Saat itu, pria itu berbalik. Arielle bisa melihat wajah pria itu dengan pencahayaan yang tepat. Dia terlihat tampan, dan auranya cukup mengintimidasi hanya dengan berdiri di sana. Selain pucatnya, dia tampak seperti bukan orang yang terluka dan demam semalam.
Sepertinya dia cepat pulih…
“Anda…”
Tepat ketika Arielle mulai berbicara, pria itu menyela, “Apa yang kamu inginkan?”
“Apa?” Arielle bertanya untuk memastikan kalau pria itu sedang bertanya padanya.
Tanpa ekspresi, dia menjelaskan, “Kamu menyelamatkanku, jadi sebagai balas budi, aku akan memenuhi permintaanmu…”
Arielle terdiam sesaat. “Dasar lelaki kasar! Saya menyelamatkanmu, tetapi Anda bahkan tidak mengucapkan terima kasih!”
Tepat ketika kata-kata itu meninggalkan bibir Arielle, semua pengawal menatapnya, terperanjat. Seolah-olah dia telah mengatakan sesuatu yang aneh. Namun, ekspresi si pria itu tetap netral.
“Kamu akan menyesal jika melewatkan kesempatan ini.”
Mendengar itu, Arielle marah, tapi pada akhirnya dia berpikir beberapa saat.
Perahu kayuku mungkin tidak akan bertahan sampai aku mencapai daratan…
Sambil menggertakkan giginya, dia meremas jarinya dan berkata, “Antarkan saya pulang!”
Sekarang, giliran si pria yang terlihat tercengang. “Uhm… Cuma itu?”
“Memangnya apa lagi?” Arielle hanya punya satu keinginan, yaitu meninggalkan pulau tak berpenghuni ini.
Meliriknya seolah-olah dia idiot, pria itu kemudian menuju helikopter.
***
Tiga jam kemudian, helikopter itu melayang di langit Jadeborough.
“Apa itu tempatnya?” tanya pria itu, menunjuk ke manor di bawah.

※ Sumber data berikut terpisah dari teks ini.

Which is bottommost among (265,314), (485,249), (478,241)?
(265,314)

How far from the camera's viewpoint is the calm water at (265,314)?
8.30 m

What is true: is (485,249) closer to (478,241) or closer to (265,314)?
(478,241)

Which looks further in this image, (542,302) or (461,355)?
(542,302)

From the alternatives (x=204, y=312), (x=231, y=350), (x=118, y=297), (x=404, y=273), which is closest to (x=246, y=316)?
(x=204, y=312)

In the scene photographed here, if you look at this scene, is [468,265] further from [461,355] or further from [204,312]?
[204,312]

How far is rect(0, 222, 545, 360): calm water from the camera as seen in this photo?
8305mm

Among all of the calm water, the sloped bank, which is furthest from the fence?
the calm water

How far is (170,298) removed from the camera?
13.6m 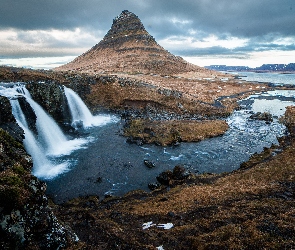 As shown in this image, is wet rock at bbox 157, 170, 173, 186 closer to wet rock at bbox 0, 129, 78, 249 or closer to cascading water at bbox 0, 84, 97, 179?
cascading water at bbox 0, 84, 97, 179

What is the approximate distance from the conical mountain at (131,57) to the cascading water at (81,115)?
69.2m

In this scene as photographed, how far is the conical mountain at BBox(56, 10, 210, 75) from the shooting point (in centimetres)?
13238

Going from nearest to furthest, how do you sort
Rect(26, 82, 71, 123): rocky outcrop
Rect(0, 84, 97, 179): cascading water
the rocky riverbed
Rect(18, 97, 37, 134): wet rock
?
1. the rocky riverbed
2. Rect(0, 84, 97, 179): cascading water
3. Rect(18, 97, 37, 134): wet rock
4. Rect(26, 82, 71, 123): rocky outcrop

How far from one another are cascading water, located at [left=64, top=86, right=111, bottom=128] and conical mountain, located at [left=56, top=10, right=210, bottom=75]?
227ft

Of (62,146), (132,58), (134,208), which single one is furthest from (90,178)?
(132,58)

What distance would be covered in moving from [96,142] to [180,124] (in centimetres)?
1618

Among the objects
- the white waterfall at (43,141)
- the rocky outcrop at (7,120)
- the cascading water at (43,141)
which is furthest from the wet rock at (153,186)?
the rocky outcrop at (7,120)

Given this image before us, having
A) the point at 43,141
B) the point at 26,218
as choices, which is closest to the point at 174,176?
the point at 26,218

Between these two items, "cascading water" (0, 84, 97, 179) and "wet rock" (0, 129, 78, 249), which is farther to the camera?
"cascading water" (0, 84, 97, 179)

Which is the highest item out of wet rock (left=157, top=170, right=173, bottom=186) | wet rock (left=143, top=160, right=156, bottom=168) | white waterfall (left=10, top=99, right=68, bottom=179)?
white waterfall (left=10, top=99, right=68, bottom=179)

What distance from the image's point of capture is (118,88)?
61.1m

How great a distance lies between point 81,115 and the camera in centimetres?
4753

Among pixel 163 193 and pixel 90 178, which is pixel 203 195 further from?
pixel 90 178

“Sepertinya begitu…” Arielle hampir tidak memiliki kenangan masa kecilnya, tetapi dia telah menyelidiki Keluarga Southall sebelum kembali ke negara tempat kampung halamannya itu.

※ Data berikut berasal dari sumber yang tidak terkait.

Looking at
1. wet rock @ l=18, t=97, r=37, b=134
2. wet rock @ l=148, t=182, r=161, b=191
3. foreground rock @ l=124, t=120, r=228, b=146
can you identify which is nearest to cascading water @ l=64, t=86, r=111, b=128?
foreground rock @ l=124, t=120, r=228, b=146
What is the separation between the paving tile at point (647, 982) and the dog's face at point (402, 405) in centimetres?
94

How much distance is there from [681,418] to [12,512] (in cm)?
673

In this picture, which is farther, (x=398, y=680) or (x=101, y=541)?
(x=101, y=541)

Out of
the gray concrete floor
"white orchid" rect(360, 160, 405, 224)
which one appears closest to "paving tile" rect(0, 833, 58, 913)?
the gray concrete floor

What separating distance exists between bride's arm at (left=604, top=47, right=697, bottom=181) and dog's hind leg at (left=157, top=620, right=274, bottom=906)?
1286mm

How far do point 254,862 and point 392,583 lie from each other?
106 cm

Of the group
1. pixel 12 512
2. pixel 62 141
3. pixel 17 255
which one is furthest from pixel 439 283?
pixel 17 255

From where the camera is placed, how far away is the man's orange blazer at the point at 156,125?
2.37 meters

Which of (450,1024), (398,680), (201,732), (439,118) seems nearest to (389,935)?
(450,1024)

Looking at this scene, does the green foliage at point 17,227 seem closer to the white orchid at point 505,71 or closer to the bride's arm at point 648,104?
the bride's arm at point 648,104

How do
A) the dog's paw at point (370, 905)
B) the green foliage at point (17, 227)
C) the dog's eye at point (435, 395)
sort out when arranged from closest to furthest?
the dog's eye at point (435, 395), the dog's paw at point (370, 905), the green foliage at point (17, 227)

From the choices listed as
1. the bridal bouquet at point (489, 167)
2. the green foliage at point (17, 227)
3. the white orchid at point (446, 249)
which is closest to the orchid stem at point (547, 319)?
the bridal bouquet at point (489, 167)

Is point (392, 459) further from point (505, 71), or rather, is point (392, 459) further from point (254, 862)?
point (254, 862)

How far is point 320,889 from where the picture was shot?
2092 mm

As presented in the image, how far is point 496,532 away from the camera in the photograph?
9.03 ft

Tempat itu seharusnya milik seorang Moore, tapi sekarang telah menjadi milik seorang pria yang tidak pernah berpikir untuk mencarinya setelah hilang selama sepuluh tahun. Pria itu adalah ayahnya sendiri.
“Turun,” perintah pria itu.
Sang pilot langsung menjawab, “Baik, Pak!”